I do not mean to say that we need not work that out. Yes, there is an
outworking of the death which we are going to see presently, but this, first
of all, is the basis of it. I have been crucified: it has been done.
What, then, is the secret of reckoning? To put it in one word, it is
revelation. We need revelation from God Himself (Matt. 16:17; Eph. 1:17,18).
We need to have our eyes opened to the fact of our union with Christ, and
that is something more than knowing it as a doctrine. Such revelation is no
vague, indefinite thing. Most of us can remember the day when we saw clearly
that Christ died for us, and we ought to be equally clear as to the time
when we saw that we died with Christ. It should be nothing hazy, but very
definite, for it is with this as basis that we shall go on. It is not that I
reckon myself to be dead, and therefore I will be dead. It is that, because
I am dead -- because I see now what God has done with me in Christ --
therefore I reckon myself to be dead. That is the right kind of
reckoning. It is not reckoning toward death but from death.

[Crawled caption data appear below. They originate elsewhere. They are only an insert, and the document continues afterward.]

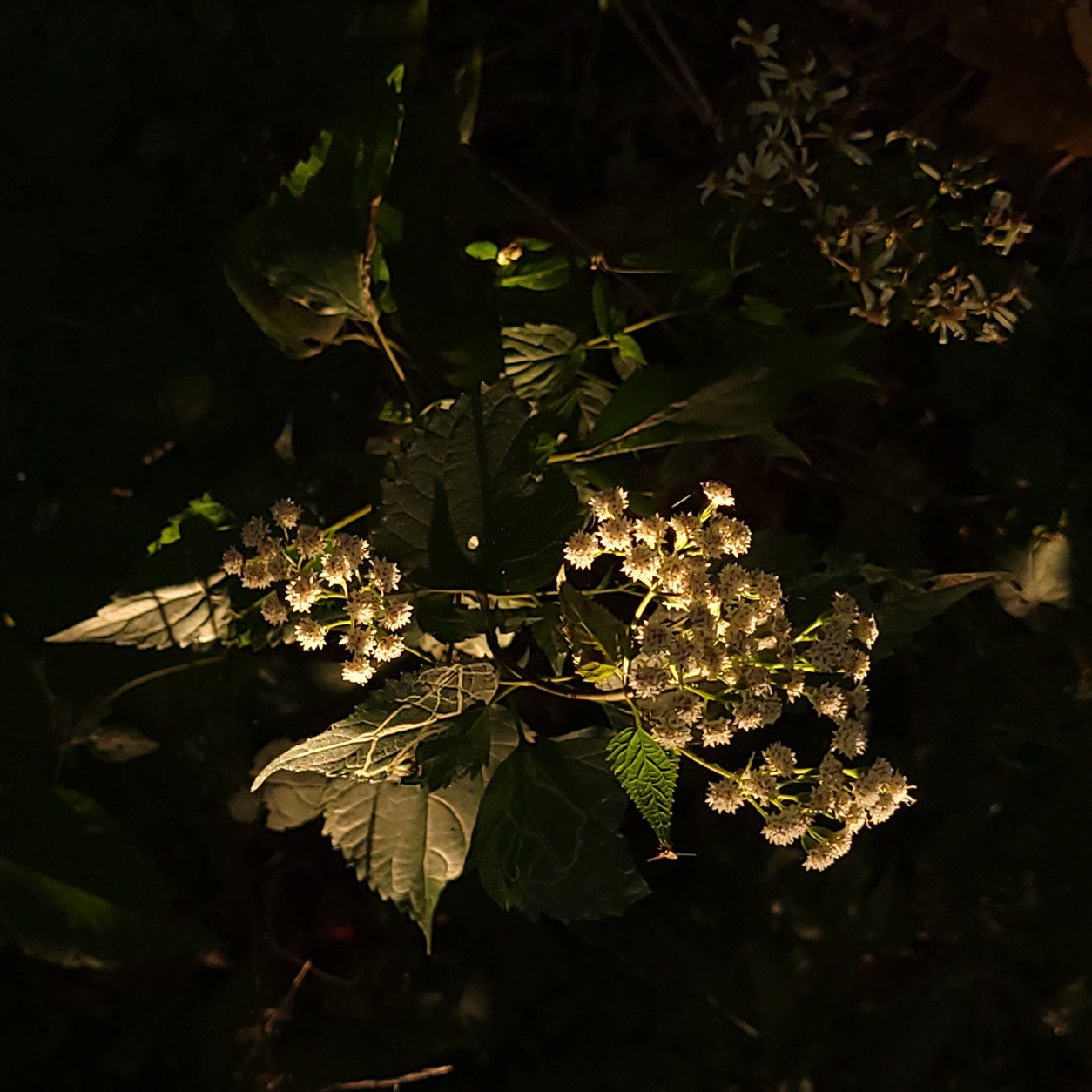 White woodland flowers in sunlight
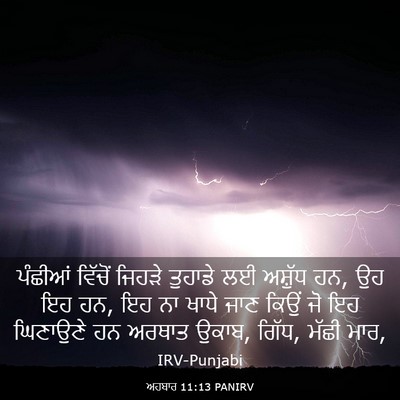 Picture 03 - ਅਹਬਾਰ 11:13 PANIRV - ਪੰਛੀਆਂ ਵਿੱਚੋਂ - Bible Verse Picture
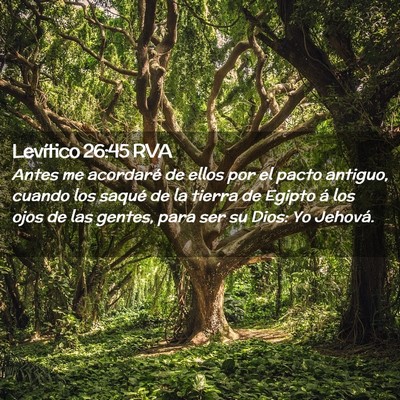 Picture 02 - Levítico 26:45 RVA - Antes me acordaré de ellos por el pacto antiguo, - Bible Verse Picture
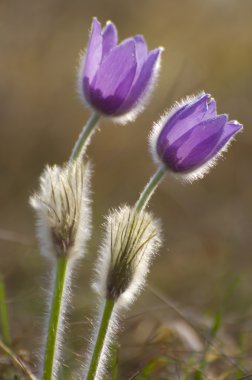 iki pulsatilla çiçek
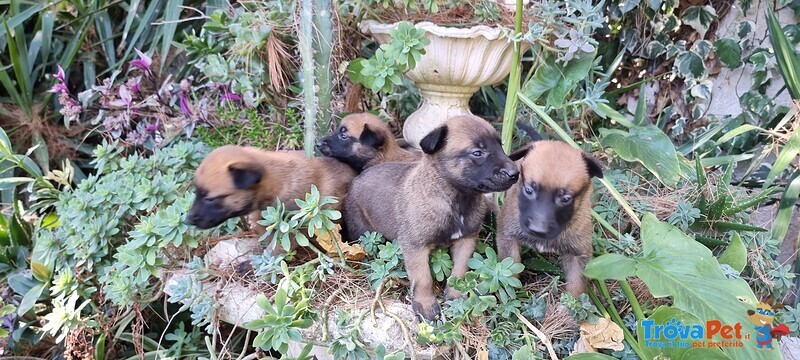 Allevamento e Cuccioli Pastore Belga Malinois in Campania Puglia Calabria Basilicata - Foto n. 3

The Second Step: "Even So Reckon..."
What does reckoning mean? `Reckoning' in Greek means doing accounts
book-keeping. Accounting is the only thing in the world we human beings can
do correctly. An artist paints a landscape. Can he do it with perfect
accuracy? Can the historian vouch for the absolute accuracy of any record,
or the map-maker for the perfect correctness of any map? They can make, at
best, fair approximations. Even in everyday speech, when we try to tell some
incident with the best intention to be honest and truthful, we cannot speak
with complete accuracy. It is mostly a case of exaggeration or
understatement, of one word too much or too little. What then can a man do
that is utterly reliable? Arithmetic! There is no scope for error there. One
chair plus one chair equals two chairs. That is true in London and it is
true in Cape Town. If you travel west to New York or east to Singapore it is
still the same. All the world over and for all time, one plus one equals
two. One plus one is two in heaven and earth and hell.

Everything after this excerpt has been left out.